- [EXERCISE INPUTS]

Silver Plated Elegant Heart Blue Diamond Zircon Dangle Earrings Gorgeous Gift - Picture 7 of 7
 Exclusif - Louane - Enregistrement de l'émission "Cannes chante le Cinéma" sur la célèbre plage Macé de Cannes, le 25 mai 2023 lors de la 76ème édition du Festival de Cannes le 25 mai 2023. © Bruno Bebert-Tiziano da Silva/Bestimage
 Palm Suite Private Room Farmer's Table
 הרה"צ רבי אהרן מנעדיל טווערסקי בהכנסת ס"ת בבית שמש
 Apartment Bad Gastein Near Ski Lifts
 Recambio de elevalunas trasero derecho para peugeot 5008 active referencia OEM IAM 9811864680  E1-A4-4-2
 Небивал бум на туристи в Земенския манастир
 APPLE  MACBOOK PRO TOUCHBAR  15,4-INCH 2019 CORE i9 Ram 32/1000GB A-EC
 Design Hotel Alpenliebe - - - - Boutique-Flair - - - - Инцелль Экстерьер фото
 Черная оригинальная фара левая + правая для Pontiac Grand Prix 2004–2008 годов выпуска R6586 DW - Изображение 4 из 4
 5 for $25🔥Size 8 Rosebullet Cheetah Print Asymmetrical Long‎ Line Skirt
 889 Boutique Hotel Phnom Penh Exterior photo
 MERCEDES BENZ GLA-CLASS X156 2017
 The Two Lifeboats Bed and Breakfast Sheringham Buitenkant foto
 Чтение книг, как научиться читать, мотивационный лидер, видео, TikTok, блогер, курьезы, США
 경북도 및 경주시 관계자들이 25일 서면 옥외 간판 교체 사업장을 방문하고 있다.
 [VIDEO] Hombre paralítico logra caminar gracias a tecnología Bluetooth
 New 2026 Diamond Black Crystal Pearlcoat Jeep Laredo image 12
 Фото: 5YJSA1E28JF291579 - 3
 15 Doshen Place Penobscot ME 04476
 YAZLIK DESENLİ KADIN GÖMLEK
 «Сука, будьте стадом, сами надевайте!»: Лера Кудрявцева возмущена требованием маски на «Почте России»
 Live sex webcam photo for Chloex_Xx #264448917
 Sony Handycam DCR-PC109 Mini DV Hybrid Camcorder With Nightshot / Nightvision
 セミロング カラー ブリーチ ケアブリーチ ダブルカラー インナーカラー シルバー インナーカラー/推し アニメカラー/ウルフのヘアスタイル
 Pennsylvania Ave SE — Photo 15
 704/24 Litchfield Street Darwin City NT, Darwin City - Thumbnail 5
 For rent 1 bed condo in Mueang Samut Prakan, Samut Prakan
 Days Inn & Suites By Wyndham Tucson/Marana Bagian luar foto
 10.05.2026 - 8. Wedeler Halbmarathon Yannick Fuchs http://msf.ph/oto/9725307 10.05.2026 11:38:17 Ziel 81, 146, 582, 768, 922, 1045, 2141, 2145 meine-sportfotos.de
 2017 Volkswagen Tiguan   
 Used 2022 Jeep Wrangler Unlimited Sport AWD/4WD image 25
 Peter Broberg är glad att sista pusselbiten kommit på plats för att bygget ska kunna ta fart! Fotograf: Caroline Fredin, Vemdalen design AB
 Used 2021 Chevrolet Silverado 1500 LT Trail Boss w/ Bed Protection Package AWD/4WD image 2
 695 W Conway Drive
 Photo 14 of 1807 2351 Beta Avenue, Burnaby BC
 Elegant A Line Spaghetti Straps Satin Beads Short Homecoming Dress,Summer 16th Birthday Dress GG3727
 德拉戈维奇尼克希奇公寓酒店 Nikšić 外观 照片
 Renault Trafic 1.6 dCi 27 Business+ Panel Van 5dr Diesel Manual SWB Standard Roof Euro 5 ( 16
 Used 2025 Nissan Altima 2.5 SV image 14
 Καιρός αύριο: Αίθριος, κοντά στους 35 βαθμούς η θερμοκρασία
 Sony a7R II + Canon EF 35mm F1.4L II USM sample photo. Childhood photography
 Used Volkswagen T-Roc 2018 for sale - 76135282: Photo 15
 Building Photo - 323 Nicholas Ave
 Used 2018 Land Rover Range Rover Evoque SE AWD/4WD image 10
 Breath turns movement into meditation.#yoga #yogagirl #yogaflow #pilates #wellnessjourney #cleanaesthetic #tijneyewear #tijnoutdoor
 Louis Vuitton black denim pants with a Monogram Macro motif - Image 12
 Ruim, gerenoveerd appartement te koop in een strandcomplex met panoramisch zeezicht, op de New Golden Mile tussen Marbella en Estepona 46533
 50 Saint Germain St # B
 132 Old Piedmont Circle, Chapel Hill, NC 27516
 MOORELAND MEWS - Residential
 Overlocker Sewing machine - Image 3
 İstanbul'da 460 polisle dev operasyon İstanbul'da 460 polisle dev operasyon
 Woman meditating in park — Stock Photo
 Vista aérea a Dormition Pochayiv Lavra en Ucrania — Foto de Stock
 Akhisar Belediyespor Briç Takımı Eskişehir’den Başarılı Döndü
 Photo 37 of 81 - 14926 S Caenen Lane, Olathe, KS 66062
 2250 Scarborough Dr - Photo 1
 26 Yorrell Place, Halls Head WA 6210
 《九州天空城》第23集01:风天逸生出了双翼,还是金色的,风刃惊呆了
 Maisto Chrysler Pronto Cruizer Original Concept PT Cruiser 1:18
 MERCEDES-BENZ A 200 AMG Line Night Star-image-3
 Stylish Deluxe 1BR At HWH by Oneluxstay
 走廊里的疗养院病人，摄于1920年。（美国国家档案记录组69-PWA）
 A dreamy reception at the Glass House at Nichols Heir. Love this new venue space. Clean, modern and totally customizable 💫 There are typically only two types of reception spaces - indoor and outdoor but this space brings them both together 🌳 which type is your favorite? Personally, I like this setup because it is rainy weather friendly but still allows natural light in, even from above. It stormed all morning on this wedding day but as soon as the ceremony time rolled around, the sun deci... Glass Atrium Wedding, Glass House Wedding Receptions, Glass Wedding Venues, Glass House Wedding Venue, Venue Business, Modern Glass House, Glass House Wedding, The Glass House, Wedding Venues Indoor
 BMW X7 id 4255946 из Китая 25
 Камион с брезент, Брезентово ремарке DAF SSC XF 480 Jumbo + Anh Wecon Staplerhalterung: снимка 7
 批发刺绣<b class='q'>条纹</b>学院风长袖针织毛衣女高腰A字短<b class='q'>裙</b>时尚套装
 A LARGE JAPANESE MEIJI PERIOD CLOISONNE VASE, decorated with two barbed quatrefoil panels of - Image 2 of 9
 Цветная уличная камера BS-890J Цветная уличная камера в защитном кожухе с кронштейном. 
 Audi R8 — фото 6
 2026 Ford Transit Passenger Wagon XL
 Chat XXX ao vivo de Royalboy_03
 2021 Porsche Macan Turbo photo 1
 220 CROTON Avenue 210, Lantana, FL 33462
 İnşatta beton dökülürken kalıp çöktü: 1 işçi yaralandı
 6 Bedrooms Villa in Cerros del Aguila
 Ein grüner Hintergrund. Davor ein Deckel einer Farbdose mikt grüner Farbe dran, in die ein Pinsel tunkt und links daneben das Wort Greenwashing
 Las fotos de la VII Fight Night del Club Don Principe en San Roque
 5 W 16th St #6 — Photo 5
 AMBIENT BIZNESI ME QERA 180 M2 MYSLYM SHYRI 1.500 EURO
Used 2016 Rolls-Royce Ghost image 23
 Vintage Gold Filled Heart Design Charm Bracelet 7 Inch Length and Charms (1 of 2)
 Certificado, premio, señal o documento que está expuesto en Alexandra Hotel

- [TASK REQUIREMENTS] In the data above, which lines lie between the line with "Photo 37 of" and the line with "走廊里的疗养院病人，摄于1920年。（美国国家档案记录组69-PWA）", inclusive? Print those lines exactly and nothing else.

- [EXERCISE RESULT]
 Photo 37 of 81 - 14926 S Caenen Lane, Olathe, KS 66062
 2250 Scarborough Dr - Photo 1
 26 Yorrell Place, Halls Head WA 6210
 《九州天空城》第23集01:风天逸生出了双翼,还是金色的,风刃惊呆了
 Maisto Chrysler Pronto Cruizer Original Concept PT Cruiser 1:18
 MERCEDES-BENZ A 200 AMG Line Night Star-image-3
 Stylish Deluxe 1BR At HWH by Oneluxstay
 走廊里的疗养院病人，摄于1920年。（美国国家档案记录组69-PWA）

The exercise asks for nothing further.